Prime Minister Srettha Thavisin is advocating for cannabis use strictly for medical purposes, emphasizing a stringent approach to illegal drugs, which he claims are contributing to addiction and negatively impacting the youth.


Pro-cannabis groups met with Public Health Minister Somsak Thepsutin on Thursday, encouraging him to reconsider the policy reversal.


“Even for medical use, don’t subject the people’s plant to bureaucratic control. It has been integral to our culture for centuries. Licencing only breeds corruption,” stated Prasitchai Nunual, Secretary-General of Thailand’s Cannabis Future Network.


Thailand first legalized cannabis for research and medical purposes in 2018. In June 2022, the government led by Gen Prayut Chan-o-cha removed the plant from the national narcotics list, enabling cultivation, sale, and consumption.

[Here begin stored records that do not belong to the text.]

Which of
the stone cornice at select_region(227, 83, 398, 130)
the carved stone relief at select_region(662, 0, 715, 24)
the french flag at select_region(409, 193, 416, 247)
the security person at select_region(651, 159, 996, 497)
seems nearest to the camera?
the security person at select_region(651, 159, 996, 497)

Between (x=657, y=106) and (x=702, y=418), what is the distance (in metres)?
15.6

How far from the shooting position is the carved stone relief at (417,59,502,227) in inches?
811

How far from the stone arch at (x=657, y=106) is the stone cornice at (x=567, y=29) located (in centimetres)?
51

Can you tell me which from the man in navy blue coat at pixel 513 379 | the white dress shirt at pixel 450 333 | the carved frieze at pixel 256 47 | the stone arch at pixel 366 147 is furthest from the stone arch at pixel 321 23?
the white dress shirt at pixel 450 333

This led to a surge in recreational use, with numerous cannabis cafes and dispensaries emerging nationwide, particularly in tourist areas, creating an industry projected to reach $1.2 billion by 2025.


Critics argue that the previous government rushed the liberalization process without drafting a comprehensive cannabis bill or clear regulations, resulting in public confusion and misuse.

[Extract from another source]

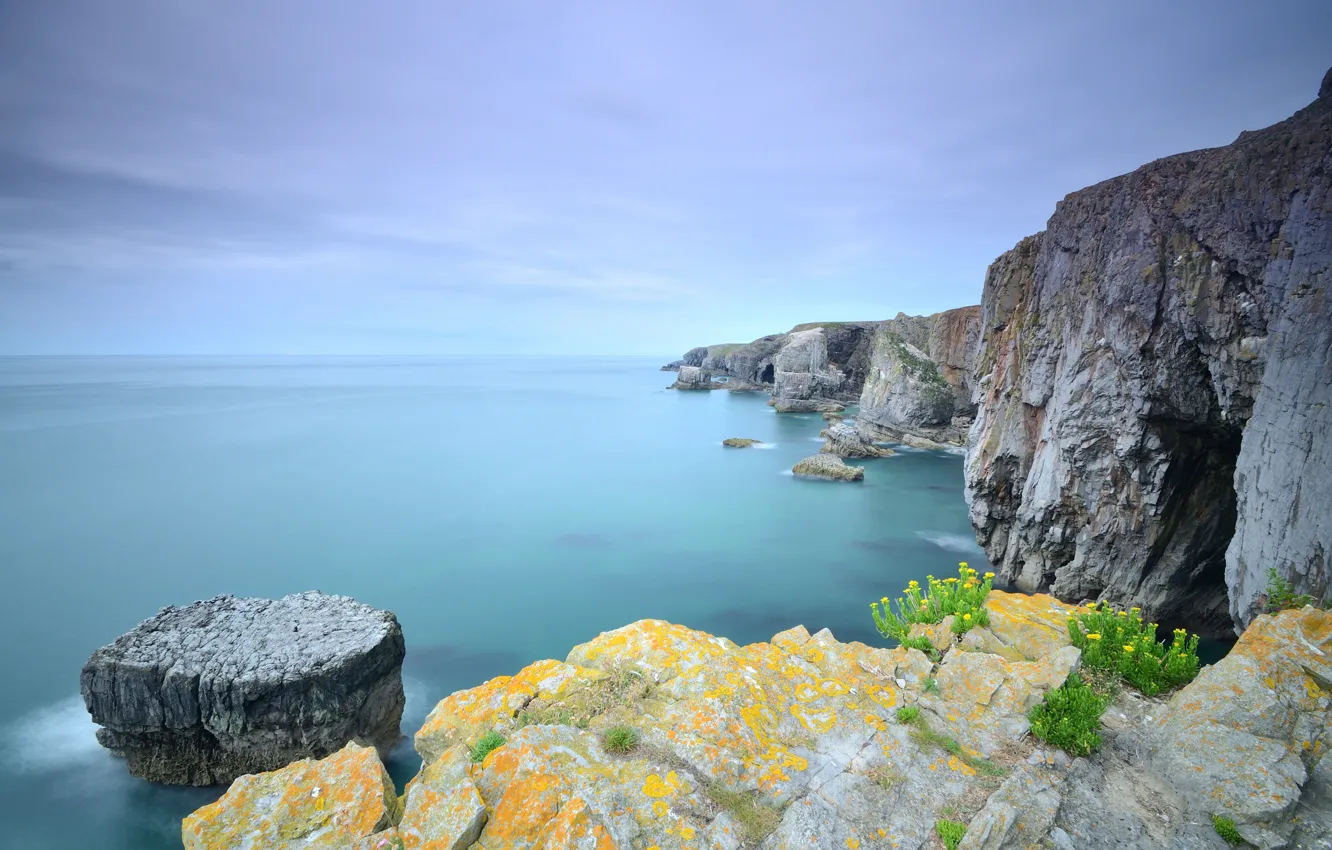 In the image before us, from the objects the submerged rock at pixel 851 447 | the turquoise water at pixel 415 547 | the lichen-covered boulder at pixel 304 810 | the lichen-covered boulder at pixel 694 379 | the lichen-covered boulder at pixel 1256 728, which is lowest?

Thailand has a long-standing tradition of using marijuana for pain relief and fatigue, as well as in traditional medicine and culinary practices. Mr. Somsak emphasized that cannabis should be limited to medical use.

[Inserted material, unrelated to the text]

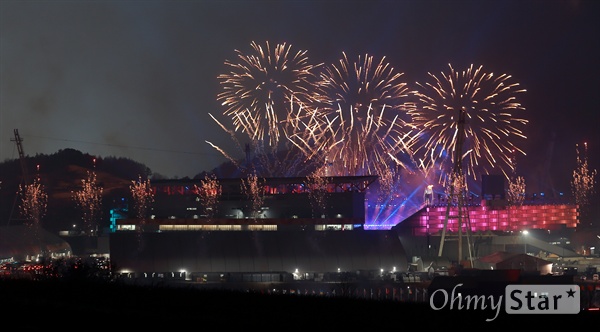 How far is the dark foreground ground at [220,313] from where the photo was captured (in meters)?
33.7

Mr. Somsak’s predecessor, Dr. Cholnan Srikaew, had pushed for stringent legislation to curb recreational cannabis use. He had prepared a bill to clearly define approved medicinal uses and banned forms of consumption.


However, many cannabis businesses argue that the issue is not recreational use but the lack of clear regulations.


“There is nothing more sensible than a comprehensive Cannabis Act, addressing safety concerns like use among minors and regulated growth,” said activist and cannabis retailer Chokwan “Kitty” Chopaka.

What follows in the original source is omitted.